◆ **ACTION ITEM**:
Answer with the exact lines of the following material from the one containing "今天体育新闻灰熊与马刺对决在即球迷期待精彩赛事与球员表现" through the one containing "AMD Radeon HD", both end lines included.

◆ **SOURCE RECORDS**:

☆ ☆ ☆ ☆

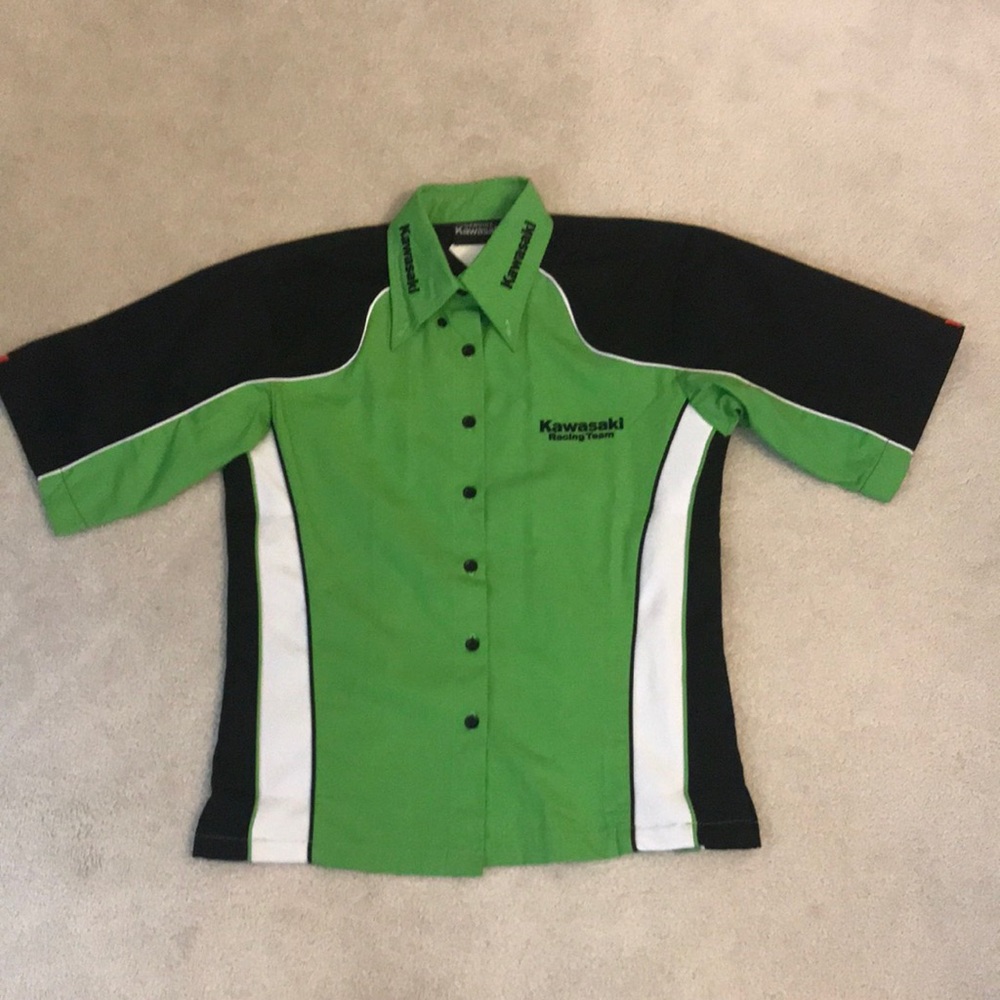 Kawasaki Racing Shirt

☆ ☆ ☆ ☆

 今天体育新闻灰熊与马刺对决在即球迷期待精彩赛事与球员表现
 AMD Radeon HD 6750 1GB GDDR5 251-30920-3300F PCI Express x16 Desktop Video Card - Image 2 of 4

☆ ☆ ☆ ☆

◆ **ANSWER TO THIS EXERCISE**:
 今天体育新闻灰熊与马刺对决在即球迷期待精彩赛事与球员表现
 AMD Radeon HD 6750 1GB GDDR5 251-30920-3300F PCI Express x16 Desktop Video Card - Image 2 of 4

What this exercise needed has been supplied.